The first bronze swords were made about 2,000 BC. Two types of bronze swords were made: a cutting sword with a broad leaf-shaped blade and a thrusting sword with a longer, narrow blade. The Assyrians are believed to have introduced the sword as a weapon of war.

Bronze age sword from Central Europe
Bronze age sword from Central Europe

Iron swords were used by the Greeks from the seventh century BC. Because of rusting, very few iron swords from before the 15th century have survived although older bronze swords are relatively common.

The modern Nepalese Ghurkha kukri is a shortened adaptation of the Greek kopis, a slashing sword used in the 5th century BC.

The main European source of iron ore was Styria, in present-day Austria, and the cities of Innsbruck and Passau produced the best blades for knives throughout the Middle Ages.

In the 8th century, the Vikings revolutionised sword making with their discovery of the process of carbonising iron by repeatedly folding and beating the heated metal. This allowed them to make tough, hard swords that held a superior edge and did not easily bend. The Japanese developed similar techniques some centuries later.

Viking sword
Viking sword

The Arabs also produced the fine “Damascus” blade by high-temperature forging. The Arab jambiya, a knife with a curved, double-edged blade, is still the most widely used knife weapon in the world.

10th century swords were slashing weapons with a rounded tip, a crossbar (“quillon”) to protect the hands and a round weight (“pommel”) at the end of the hilt to counterbalance the weight of the blade.

Plate armour was introduced in the 14th century. This led to the development of massive two-handed, cutting swords (“broadswords”) and pointed, tapered thrusting swords (“rapiers”). The Scottish Highlanders’ claymore is a type of broadsword.
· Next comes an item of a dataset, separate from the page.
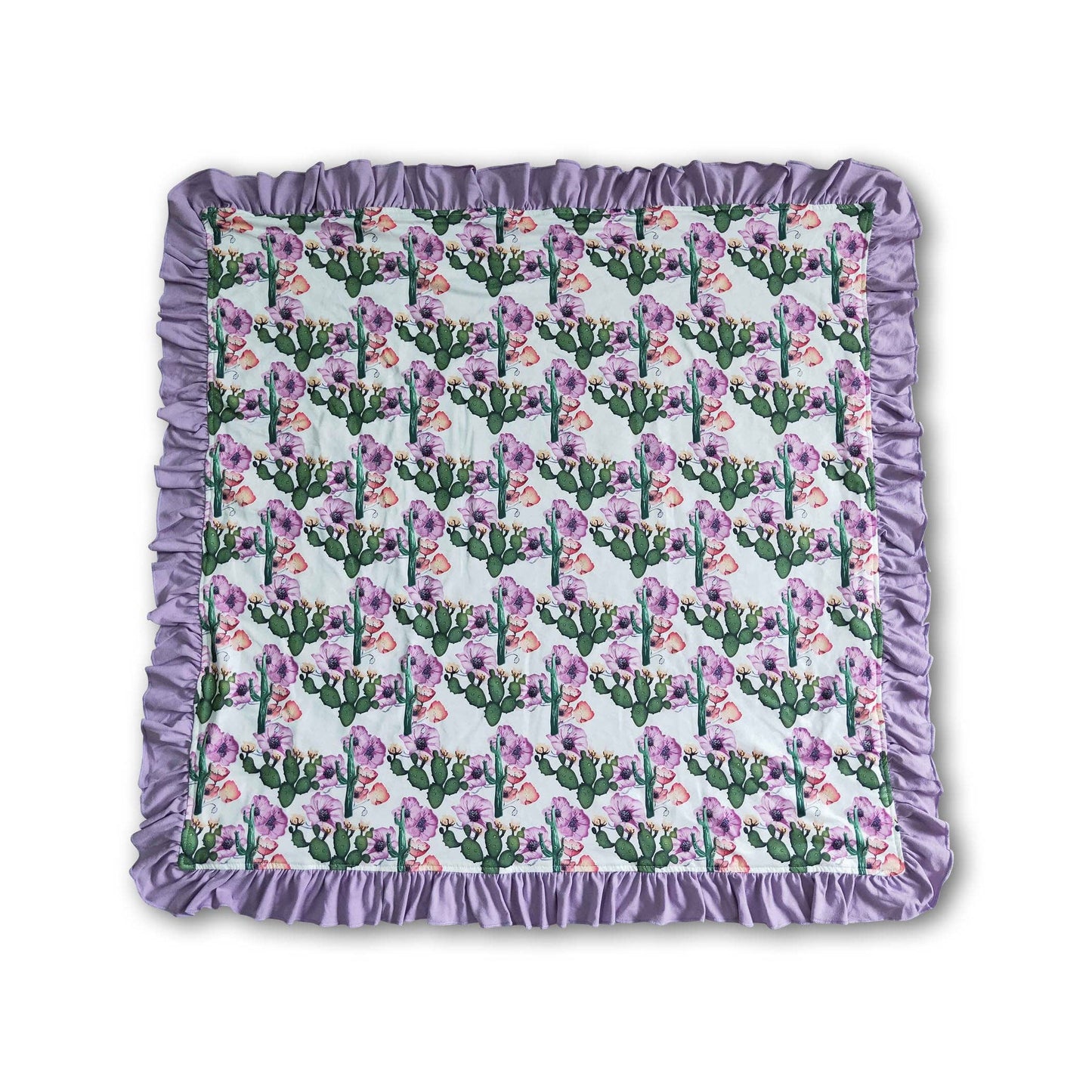 Cactus floral lavender minky baby blankets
Daggers (pointed stabbing knives) were also popular as weapons from the 14th to the 16th centuries. The best daggers were made in Germany, Switzerland and Italy. In Spain, the “main gauche” dagger was held in the left hand and a rapier in the right. In Italy, the triangular bladed stiletto was favoured.

In the 16th century, the knuckle brow, a metal strap from the pommel to quillon, was introduced to protect the hand. More complex hand guards were introduced during the century.

Also during the 16th century, the Turks invaded Eastern Europe. They used slashing swords with curved blades, called scimitars. The curved slashing sword was adopted in Europe as the cavalry sabre. The navy adopted a short version of the sabre with a heavy hand guard, called a cutlass, for close quarter fighting in boarding operations.

Persian scimitar
Persian scimitar

In the late 16th century, the rapier, with a long thin blade for thrusting, became popular among the upper classes. At first the hilt usually had a guard made up of curved bars and a long crossguard. Later in the century, the barred guard was replaced by a hemispherical metal cup, often decorated with an intricate pierced design/

In the 17th century, light, easily handled swords, called epees, were introduced for fencing and duelling. These swords had hollow ground blades. The process of hollow grinding was a German trade secret. In 1690, the Hollow Sword Blade Company was formed in England to produce hollow ground sword blades using imported German swordsmiths. Although the original company failed, one of the swordsmiths, Herman Mohll, set up a sword manufacturing business which continued to produce swords and bayonets until it was taken over by Wilkinson Sword in 1922. (In 1832, the name was changed from Mohll to Mole.)

Rapier (1625-1650)
Rapier (1625-1650)

As firearms came into use from the late 17th century, the long rapier was gradually replaced by a shorter version called the “short sword”. This was often worn as much for costume as use. The hilts of these swords were often elaborately fashioned from brass, iron, silver or even gold.  The small sword was generally abandoned as costume from about the 1770s. 

The British infantry also abandoned the sword from the middle of the 18th century, although officers continued to carry swords, largely as status symbols, until the end of the 19th century.

The bayonet was introduced by the British and French in 1660. The first bayonets were long knives that were plugged into the bore of a musket, turning it into a pike. Late in the 18th century, the modern type of bayonet, which fits around the muzzle of the gun, was introduced.

Early 19th century bayonet
Early 19th century bayonet

During World War 1, trench knives were developed. These had a double-edged blade, a hand guard in the form of brass knuckles and a short pike in the base of the handle.

During World War 11, the British introduced the commando knife and the Americans the K-bar knife. These are thrusting daggers with a single cutting edge and a round, bone-cracking peen on the butt end of the handle. A shorter version of the K-bar was developed as the aviators’ “survival knife”.